The film begins inching into horror territory when the bloodied and beaten Killian picks himself up off the ground and drives to a scheduled bodybuilding contest. His blind determination, despite the alarming evidence of his physical state, is captured in one of the increasingly frequent instances in which cinematographer Adam Arkapaw’s camerawork takes on a woozy, hallucinatory feel, blurring the line between what’s in Killian’s head and what’s actually happening.
An abortive encounter with a sex worker (Taylour Paige, wonderful in her disappointingly brief screen time) shows that any human connection is now beyond his reach. And a meeting with an inspirational figure gives him a much-needed lift only to leave him feeling degraded. Bynum justifies that scene as another crucial step in Killian’s unraveling. But the film could be accused of homophobia by adding that factor to the already abundant reasons for the protagonist’s self-hatred.
It’s when Killian purchases an arsenal of guns that the movie starts tipping over the edge into excess and obviousness. I mean, who doesn’t want to hear the great Nick Lowe song “The Beast in Me,” but as a portent of violent fantasies being unleashed, its lyrics could hardly be more literal. The clumsiest interlude occurs in a bar, where Killian is approached by a drunken cokehead who steers him into the bathroom to snort a few lines. The stranger then launches into a hate-fueling rant that’s so wildly overwritten in its world-gone-to-shit societal disgust and urge for revenge it takes you out of the movie.

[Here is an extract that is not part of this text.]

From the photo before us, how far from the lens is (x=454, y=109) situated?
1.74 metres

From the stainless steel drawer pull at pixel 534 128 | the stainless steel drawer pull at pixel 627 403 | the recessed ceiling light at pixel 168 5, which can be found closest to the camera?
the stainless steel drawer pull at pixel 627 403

The expectation of climactic bloodshed is palpable, and Bynum certainly knows how to ratchet up the dread and suspense by agonizing degrees. But Magazine Dreams is far more interesting as a piercingly intimate psychological study of a giant enfeebled by a world in which the odds feel stacked against him, making him feel pathetic and unseen. There’s more than enough dimension and complex duality in Majors’ mesmerizing performance to sustain that narrative without turning it into a Taxi Driver riff in which the ultimate violence is a queasy tease, a flashy detour before the distressing reality of a broken man again takes hold.
The missteps of the final act don’t detract from the magnificence of Majors’ work exploring the physical, mental and spiritual anguish of a person caught in the helpless grip of a singular obsession — arguably America’s defining obsession with celebrity and success — cruelly destined to remain out of reach.
Nor do the questionable decisions take away from the movie’s consistently sharp craftsmanship, notably Arkapaw’s highly controlled visuals — the images alternately naturalistic, dreamlike and poetic, or darkening into brooding menace. Jon Otazua’s editing tracks Killian’s descent with sinuous fluidity that fuels the story’s fatalistic progression. And Hill’s tonally precise and richly varied score — laced with classical passages from Elgar, Wagner and Saint-Saens — makes haunting use of mournful strings and employs urgent drumming to chilling effect.
Its flaws notwithstanding, Magazine Dreams is a profoundly unsettling experience from which it’s impossible to look away.